2017 saw no decline in breaches, even within some of the biggest companies such as Amazon.
Well, let me clear that up. In 2017 there were 3 major breaches that took place on Amazon’s Web
Services clouds, affecting Uber, Accenture, and Time Warner Cable. These breaches were due to human
error not on Amazon’s part, but on the companies Amazon outsources their cloud too. Both Accenture
and Time Warner saw the possibilities of a complete database management disaster when it was
discovered that their S3 buckets containing customer passwords (in plain text… in 2017) and personal
information, were configured to be accessible to the public. In the case of Time Warner, this was an
error on a third party that failed to properly configure the S3 bucket. Again, human error was the main
cause, and in these 2 cases, extremely preventable. Fortunately, no information was accessed with
malicious intent and the issues have been since rectified.

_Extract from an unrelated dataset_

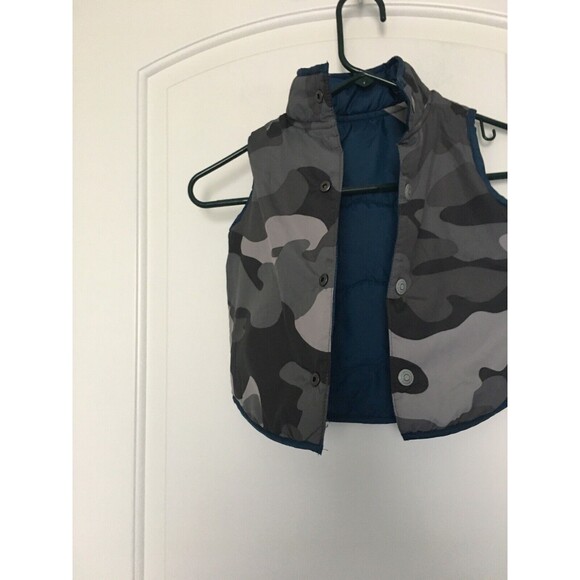 Oshkosh B'Gosh Puffer Vest Reversible Baby Boy Size 18 Months Multicolor - Picture 9 of 12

However, the same cannot be said for the transportation tech giant, Uber. Uber’s 2017 data
breach saw more than 50 million customers compromised and again this breach was completely
preventable. Attackers infiltrated Uber’s AWS account by gaining access to their private GitHub which
held the credentials needed to get into their AWS account. This was completely preventable on Uber’s
hands, Amazon offers multi-factor authentications that were entirely ignored by the database managers
at Uber. On top of that, the credentials to gain access to their database should never have been
accessible through GitHub. To make matters worse, instead of notifying the 57 million compromised
customers, they attempted to bribe the hackers with $100,000 to keep silent. In this case Uber did
everything wrong as a company, the worst thing a company can do after being breached is lie to the
users that are affected by it. It was due to the error on Uber’s part that the breach even took place,
hiding it will not remedy the issue.

When most people hear of big network vulnerabilities they think about teams of well-equipped
hackers coding thousands of lines of code. While that can sometimes be the case, usually these issues
stem internally due to errors made in part by the attacked. These vulnerabilities can affect millions of
users worldwide or cripple a small concentration of specially targeted companies (which can, in turn,
affect millions). While industry standards start to shift, we can see a decline in network related attacks.
But in order to truly prevent attacks on databases and other systems, a company should look closely at
the people they employ and should rely heavily on the ability to double check work. Because one little
error can cause catastrophic consequences.